> [Problem requirements]:
Whenever a line of the data below holds the string "will", copy that line.

> [Data in this exercise]:
_ _ _ _ _ _ _
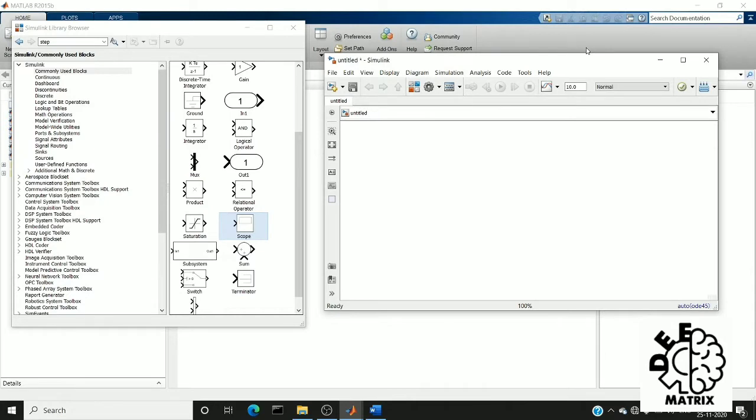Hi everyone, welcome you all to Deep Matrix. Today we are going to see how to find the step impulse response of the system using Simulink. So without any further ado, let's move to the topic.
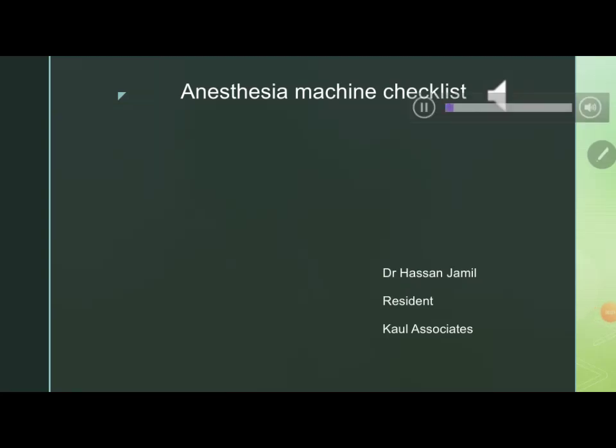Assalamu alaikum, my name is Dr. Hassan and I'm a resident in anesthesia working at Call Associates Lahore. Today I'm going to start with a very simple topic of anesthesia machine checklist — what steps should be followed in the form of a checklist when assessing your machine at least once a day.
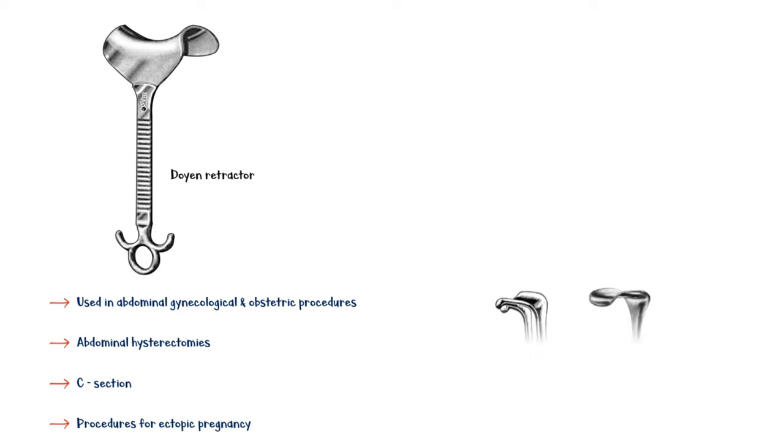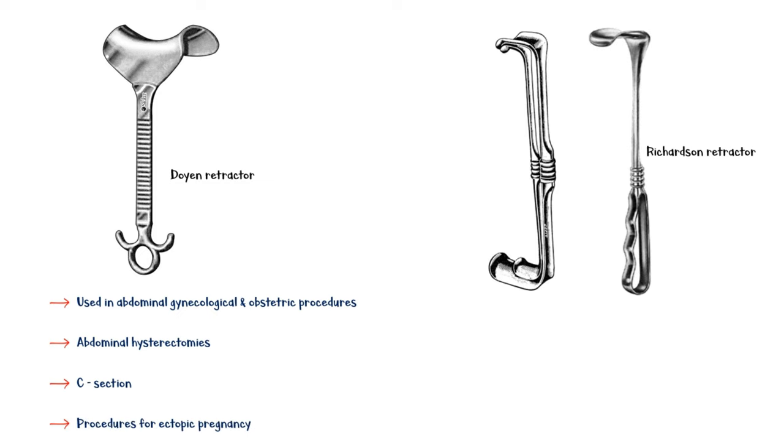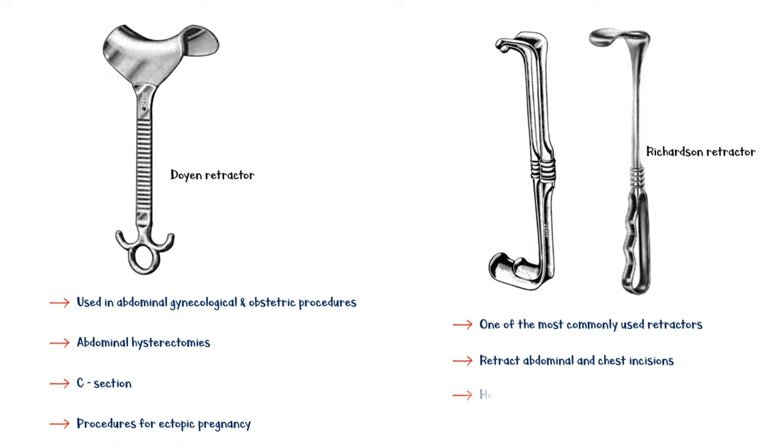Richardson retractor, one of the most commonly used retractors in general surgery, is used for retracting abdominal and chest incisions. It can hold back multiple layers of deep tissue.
_ _ _ _ _ _ _
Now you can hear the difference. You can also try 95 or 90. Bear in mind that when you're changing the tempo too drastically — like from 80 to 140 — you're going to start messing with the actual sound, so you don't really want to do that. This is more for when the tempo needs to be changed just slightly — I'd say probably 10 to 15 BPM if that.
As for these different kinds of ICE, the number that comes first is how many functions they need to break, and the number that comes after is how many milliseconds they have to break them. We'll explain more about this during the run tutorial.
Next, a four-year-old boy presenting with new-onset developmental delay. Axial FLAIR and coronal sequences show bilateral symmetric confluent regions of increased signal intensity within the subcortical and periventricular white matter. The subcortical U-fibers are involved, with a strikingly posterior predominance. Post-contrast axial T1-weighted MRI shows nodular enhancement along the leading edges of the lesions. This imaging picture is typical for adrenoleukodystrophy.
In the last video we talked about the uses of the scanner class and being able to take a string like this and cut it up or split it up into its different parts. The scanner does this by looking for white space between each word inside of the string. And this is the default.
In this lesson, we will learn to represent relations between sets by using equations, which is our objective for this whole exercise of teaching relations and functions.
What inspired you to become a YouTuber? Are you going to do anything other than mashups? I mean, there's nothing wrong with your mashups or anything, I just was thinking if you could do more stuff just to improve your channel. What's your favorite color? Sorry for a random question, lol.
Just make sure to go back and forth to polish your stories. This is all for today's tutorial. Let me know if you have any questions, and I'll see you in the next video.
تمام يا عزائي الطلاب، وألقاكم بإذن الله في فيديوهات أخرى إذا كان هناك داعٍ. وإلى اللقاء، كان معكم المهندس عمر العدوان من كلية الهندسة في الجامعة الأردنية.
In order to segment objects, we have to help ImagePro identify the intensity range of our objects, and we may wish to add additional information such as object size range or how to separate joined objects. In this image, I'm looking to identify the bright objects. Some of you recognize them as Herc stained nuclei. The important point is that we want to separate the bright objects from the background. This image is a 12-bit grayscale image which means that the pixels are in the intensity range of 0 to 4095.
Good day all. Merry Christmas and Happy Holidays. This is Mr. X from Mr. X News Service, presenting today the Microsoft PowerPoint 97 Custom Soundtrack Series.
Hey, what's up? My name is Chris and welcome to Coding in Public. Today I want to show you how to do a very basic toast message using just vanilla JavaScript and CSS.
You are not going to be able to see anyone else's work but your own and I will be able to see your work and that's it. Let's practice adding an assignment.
_ _ _ _ _ _ _
> [Result of this exercise]:
In this lesson, we will learn to represent relations between sets by using equations, which is our objective for this whole exercise of teaching relations and functions.
You are not going to be able to see anyone else's work but your own and I will be able to see your work and that's it. Let's practice adding an assignment.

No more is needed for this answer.